Scraped caption text data
* * * * * * *

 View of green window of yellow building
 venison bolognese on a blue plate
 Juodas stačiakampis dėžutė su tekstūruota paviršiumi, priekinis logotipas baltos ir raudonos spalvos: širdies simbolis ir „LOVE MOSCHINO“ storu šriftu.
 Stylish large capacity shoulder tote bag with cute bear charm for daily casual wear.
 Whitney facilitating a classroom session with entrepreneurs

* * * * * * *

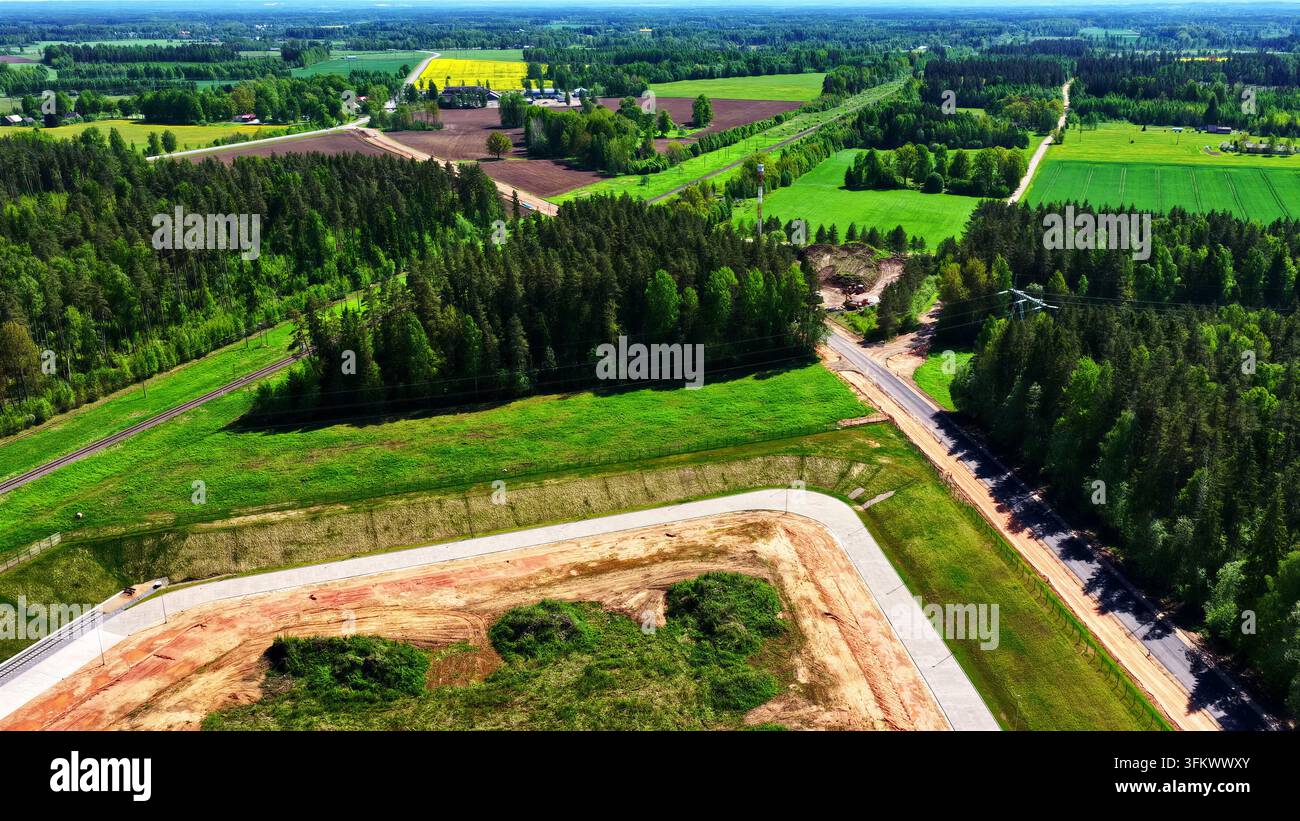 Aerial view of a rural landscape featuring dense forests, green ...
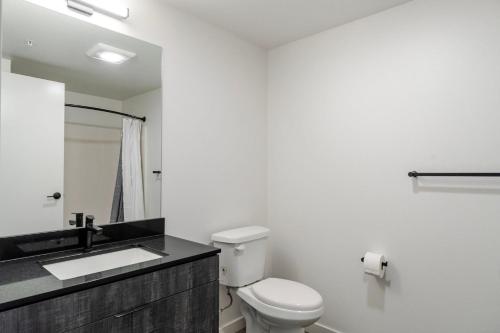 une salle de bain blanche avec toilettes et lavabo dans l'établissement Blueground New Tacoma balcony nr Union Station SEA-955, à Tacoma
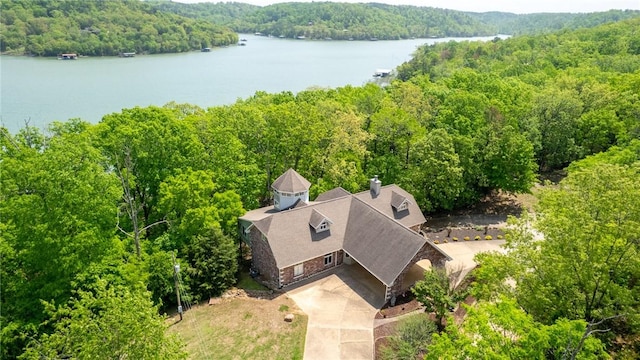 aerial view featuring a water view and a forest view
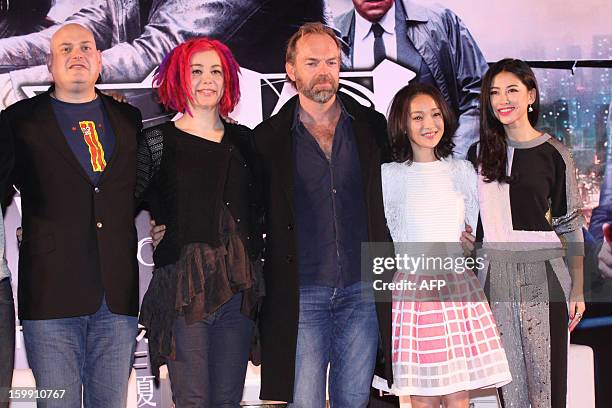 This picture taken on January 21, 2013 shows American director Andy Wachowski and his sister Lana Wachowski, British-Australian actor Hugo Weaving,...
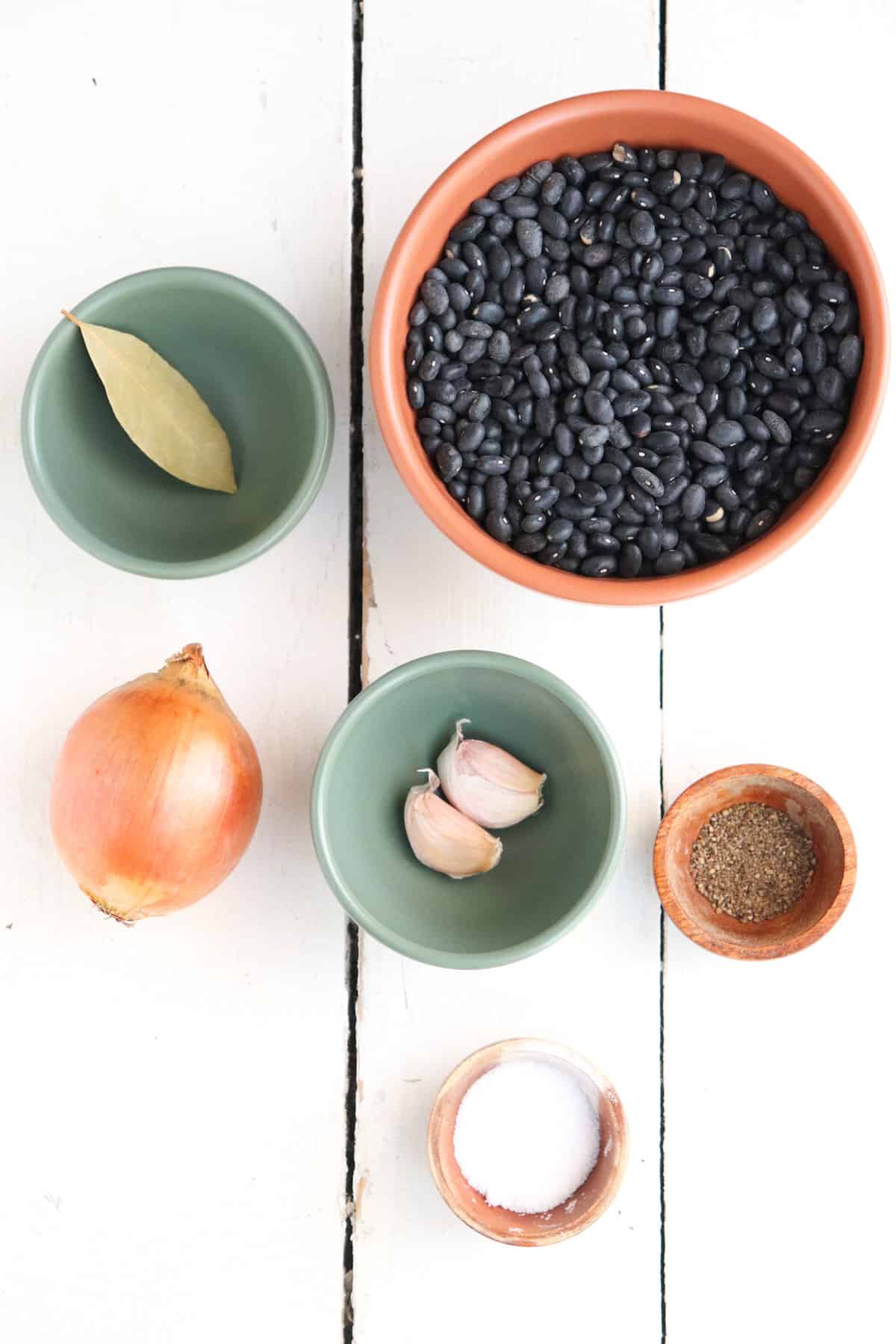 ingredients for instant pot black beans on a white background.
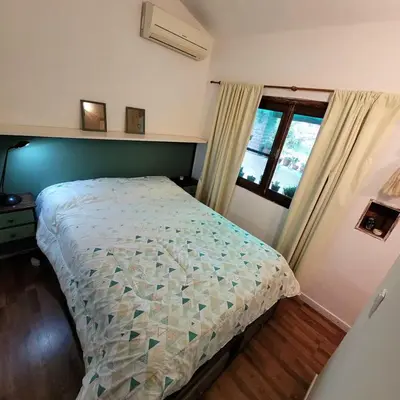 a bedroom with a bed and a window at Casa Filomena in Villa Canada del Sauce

* * * * * * *

Goal of the exercise: Only one stretch of the entries above is needed: the lines from the one containing "This picture taken" through the one containing "a bedroom with". Copy it exactly, without the pictures.

Solution to this problem:
 This picture taken on January 21, 2013 shows American director Andy Wachowski and his sister Lana Wachowski, British-Australian actor Hugo Weaving,...
 ingredients for instant pot black beans on a white background.
 a bedroom with a bed and a window at Casa Filomena in Villa Canada del Sauce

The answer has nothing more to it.